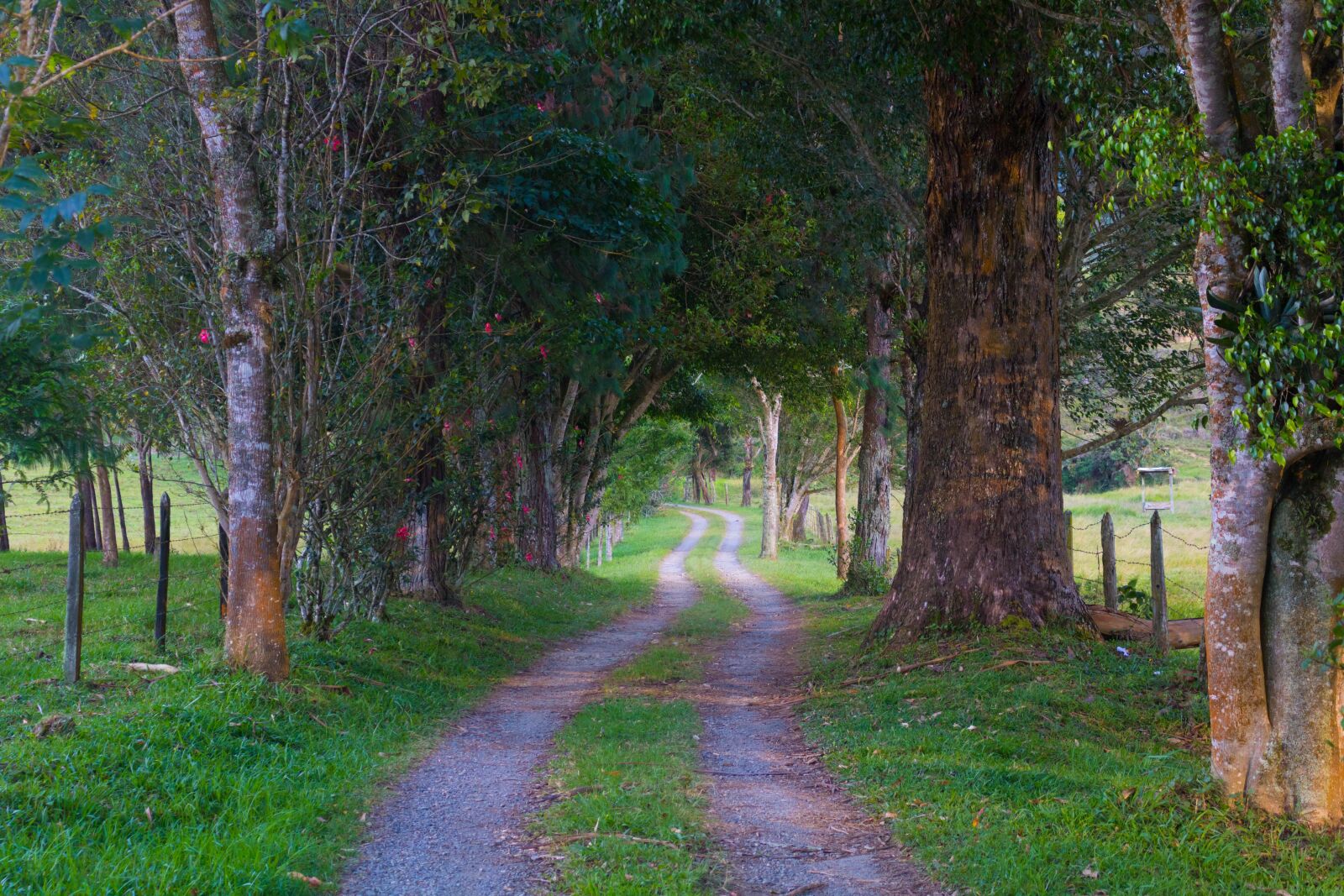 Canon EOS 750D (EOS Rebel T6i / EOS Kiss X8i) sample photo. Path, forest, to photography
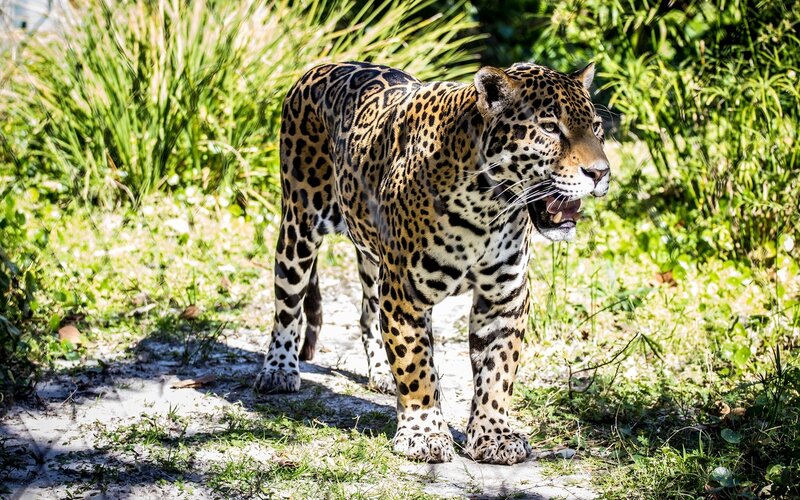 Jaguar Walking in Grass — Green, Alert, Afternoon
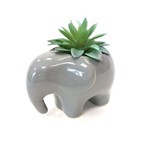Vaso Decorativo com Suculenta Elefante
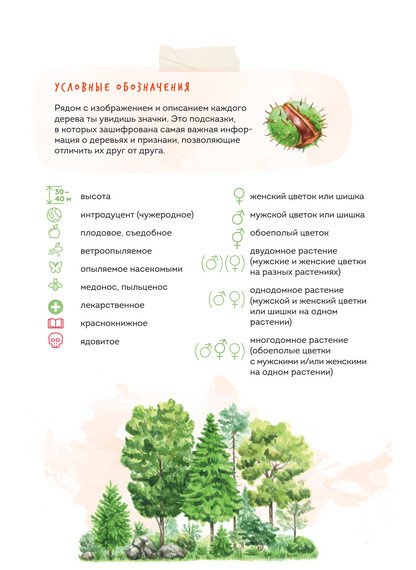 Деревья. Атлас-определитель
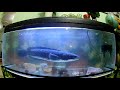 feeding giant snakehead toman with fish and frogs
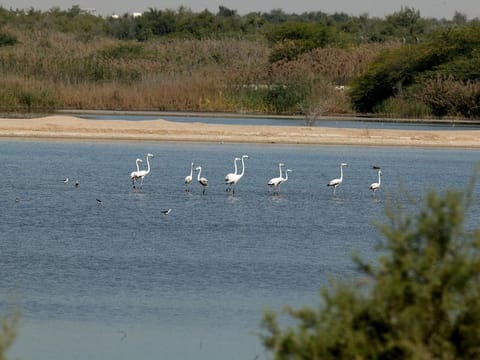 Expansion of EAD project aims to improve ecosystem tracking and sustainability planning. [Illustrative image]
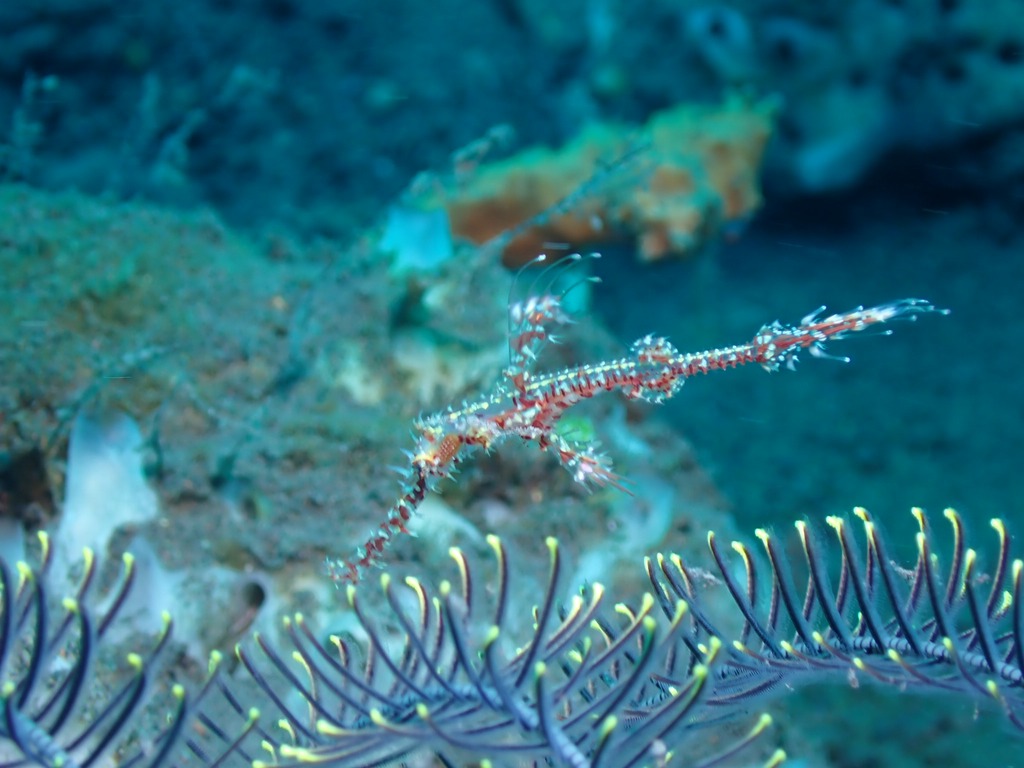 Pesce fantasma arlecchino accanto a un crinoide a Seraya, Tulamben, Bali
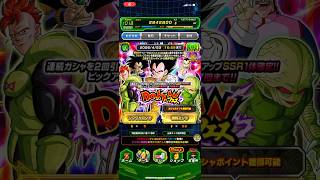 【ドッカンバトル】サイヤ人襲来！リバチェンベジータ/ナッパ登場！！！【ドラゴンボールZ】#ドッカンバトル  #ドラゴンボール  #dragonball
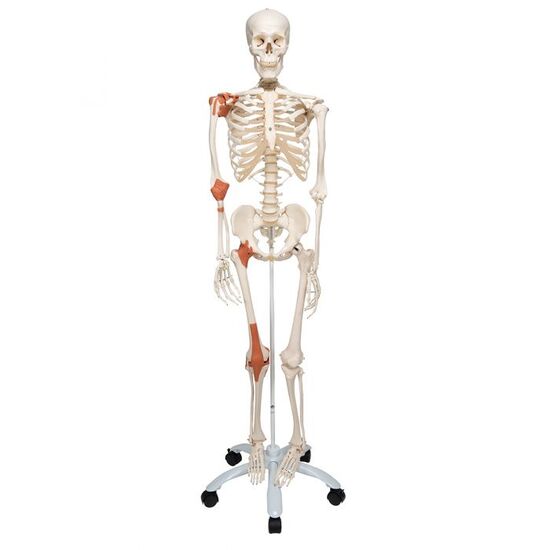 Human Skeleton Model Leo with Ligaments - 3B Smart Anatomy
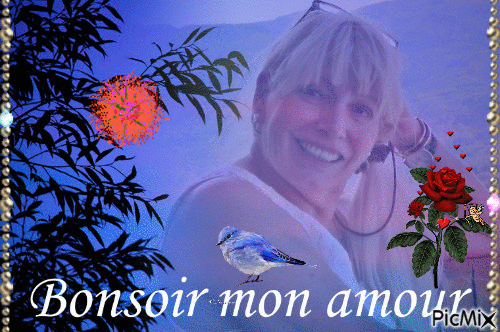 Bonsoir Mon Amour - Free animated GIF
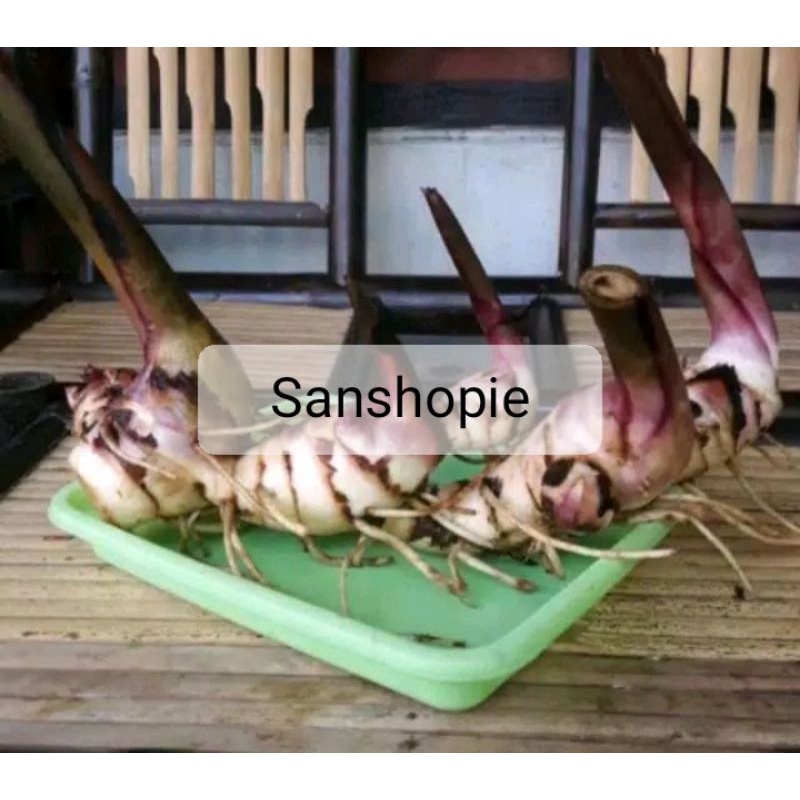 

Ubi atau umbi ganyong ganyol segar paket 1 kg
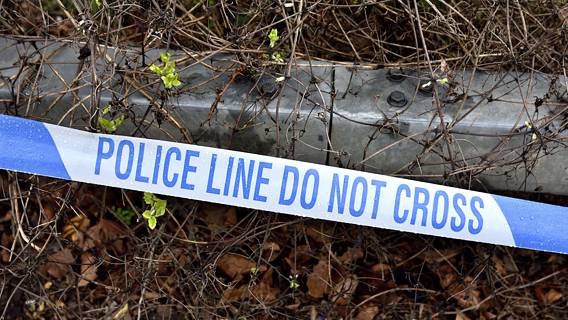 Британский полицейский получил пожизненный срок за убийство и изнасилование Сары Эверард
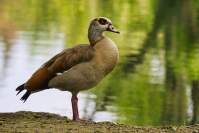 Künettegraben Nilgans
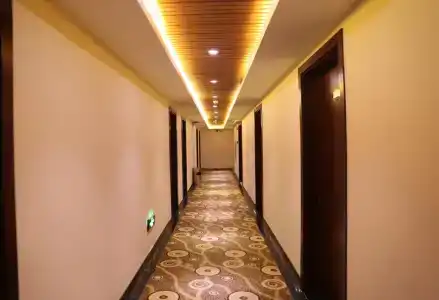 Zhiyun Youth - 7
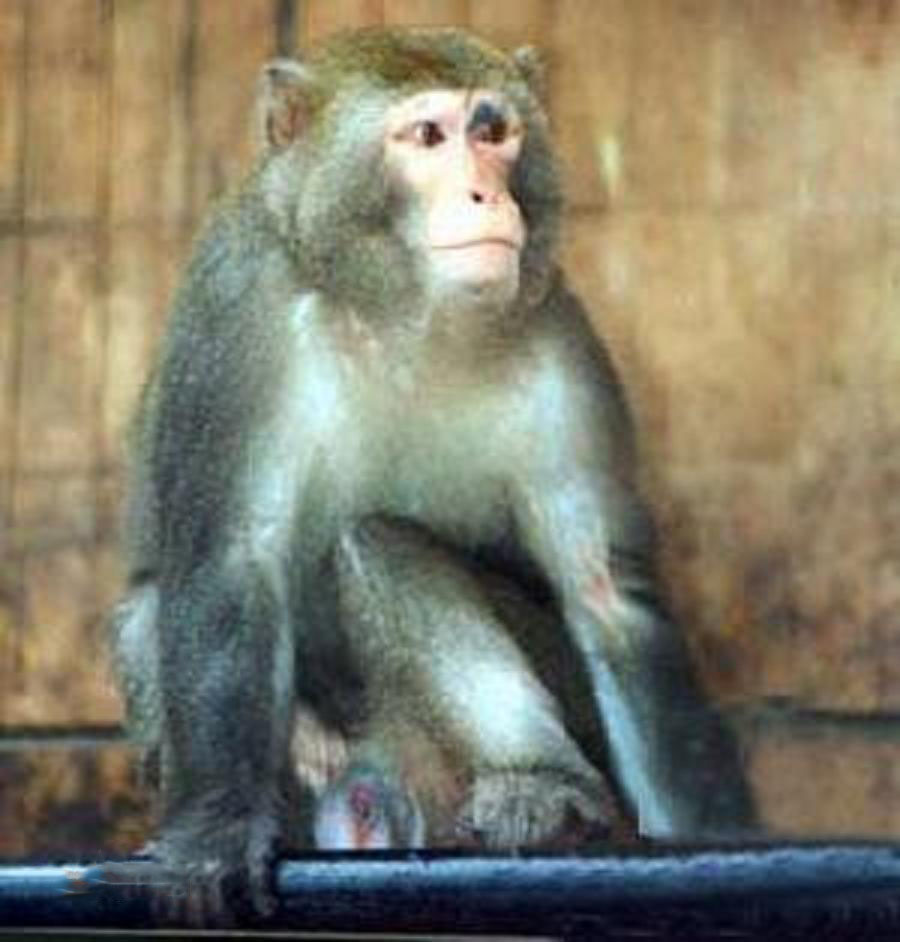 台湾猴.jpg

PROBLEM REQUIREMENTS - Starting at the line that contains "Bonsoir Mon Amour - Free animated GIF", restate every line through the end of the records exactly as written, but leave the pictures out.

SOLUTION FOR THIS EXERCISE -
 Bonsoir Mon Amour - Free animated GIF

Ubi atau umbi ganyong ganyol segar paket 1 kg
 Британский полицейский получил пожизненный срок за убийство и изнасилование Сары Эверард
 Künettegraben Nilgans
 Zhiyun Youth - 7
 台湾猴.jpg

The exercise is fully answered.